Doom runs on everything. Billboard trucks, digital cameras, and even McDonald’s cash registers have been tweaked to run the 1993 first person shooter. But a developer named Sylvain Lefebvre has taken Doom to the next level and programmed a computer chip to have only one exclusive task—it runs Doom.

“The DooM-chip! It will run E1M1 till the end of times (or till power runs out, whichever comes first),” Lefebvre said on Twitter.

As Engadget first reported, Lefebvre coded the game on to a Cyclone V FPGA circuit board—think a more expensive and powerful Raspberry Pi. The bulk of the code, the renderer, is 666 lines of code. The chip doesn’t play Doom so much as it runs a camera through a custom port of the first level, rendering it as it goes. This is all the chip does, and will continue to do as long as it's operational.

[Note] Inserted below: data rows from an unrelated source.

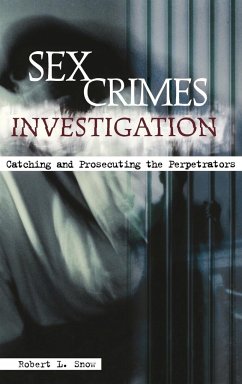 Sex Crimes Investigation - Snow, Robert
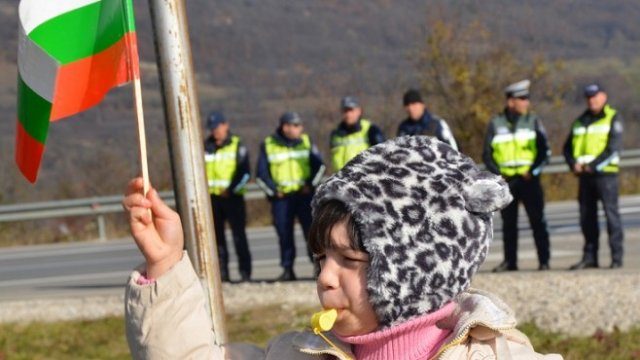 Кадър на деня за 25 ноември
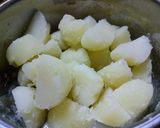 ひじき煮ポテサラとふわ卵のマヨデリサンド作り方15写真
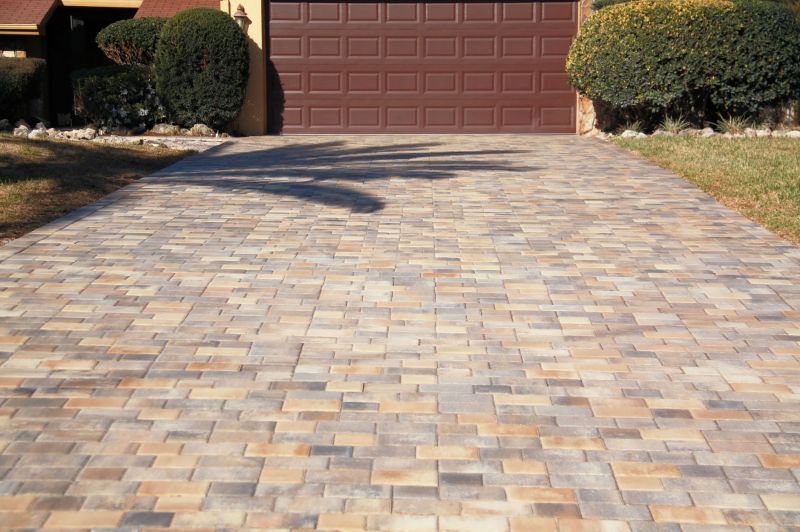 Paver Driveway Construction in Fort Collins, CO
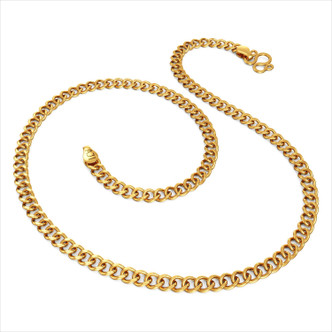 Gold Chains - Buy Gold Chain For Men 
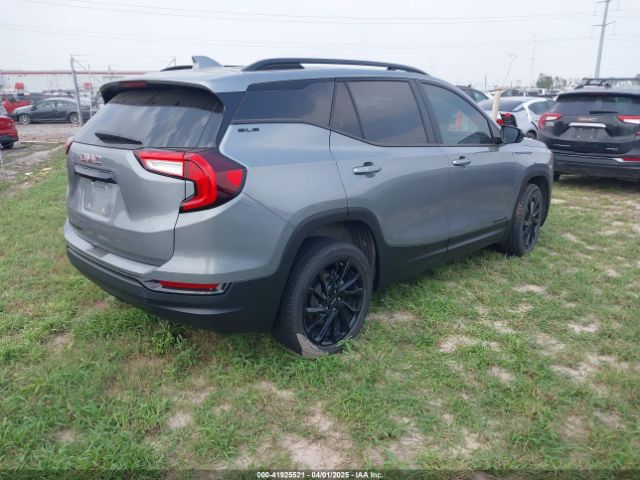 3GKALMEG1PL134672 GMC Terrain Fwd Sle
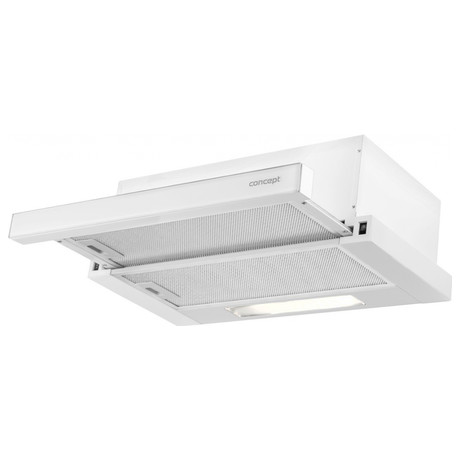 Odsavač par Concept OPV3560wh WHITE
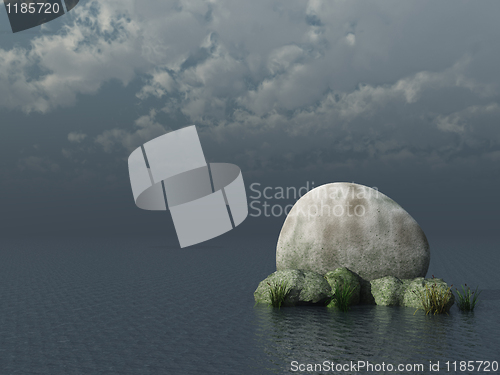 Image of rock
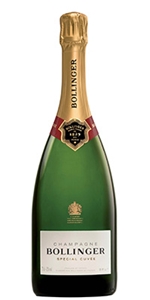 CHAMPAGNE BRUT SPECIAL CUVEE BOLLINGER BOLLINGER CHAMPAGNE BRUT SPECIAL CUVEE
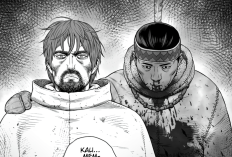 Spoilers RAW Manga Vinland Saga Chapitre 219 Scan VF, Attaque inévitable !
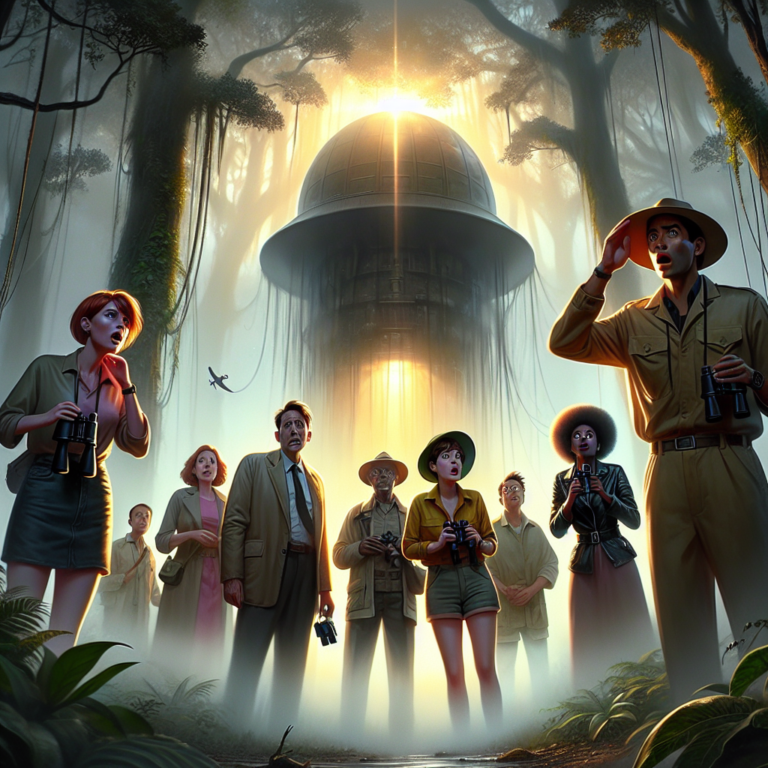 They’ve found it, but it’s something different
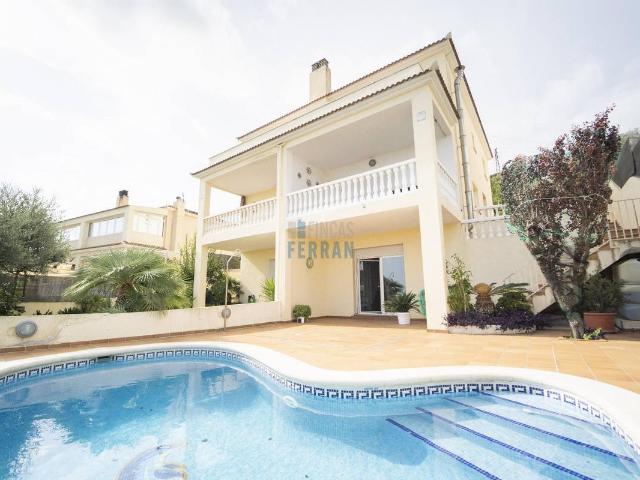 Chalet en venta en el Puig, Baix Penedès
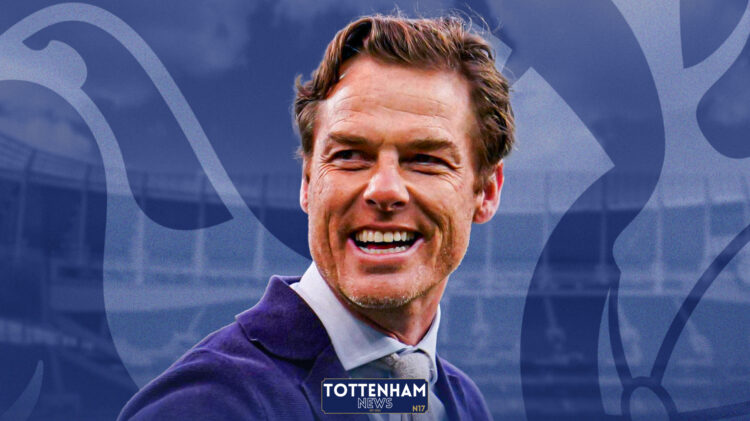 Tottenham, Scott Parker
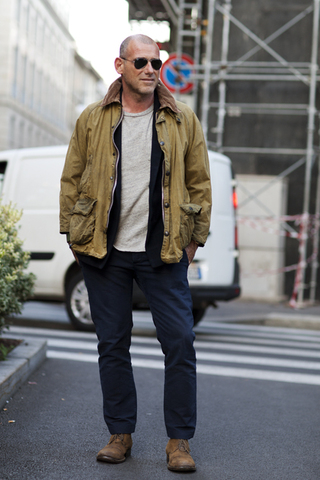 Фото: thesartorialist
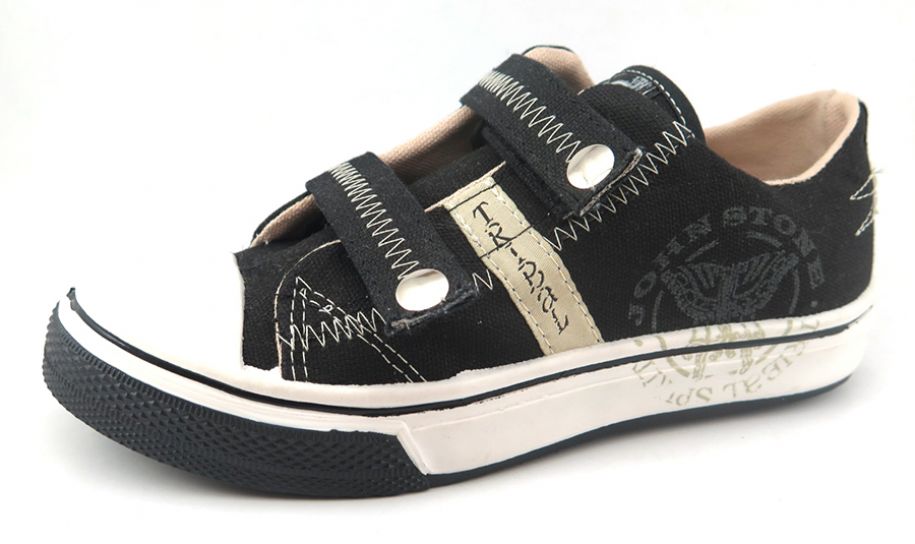 Zapatilla Lona 2 Velcros Tribal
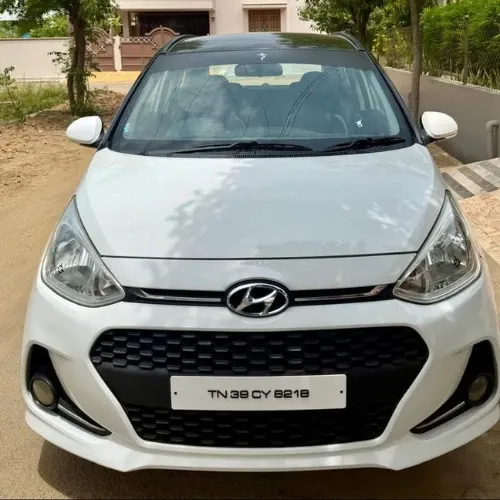 Hyundai Grand i10 Sportz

“Algorithm is burned into wires, [look-up-tables] and flip-flops on [the chip,]" Lefebvre said. “Doom was released as I was learning how to code graphics. It was, and remains, an immense inspiration and motivation boost. I spent countless hours making levels, hacking the game and hex dumps of doom.exe / doom.wad. This was a good opportunity to dive back into it!”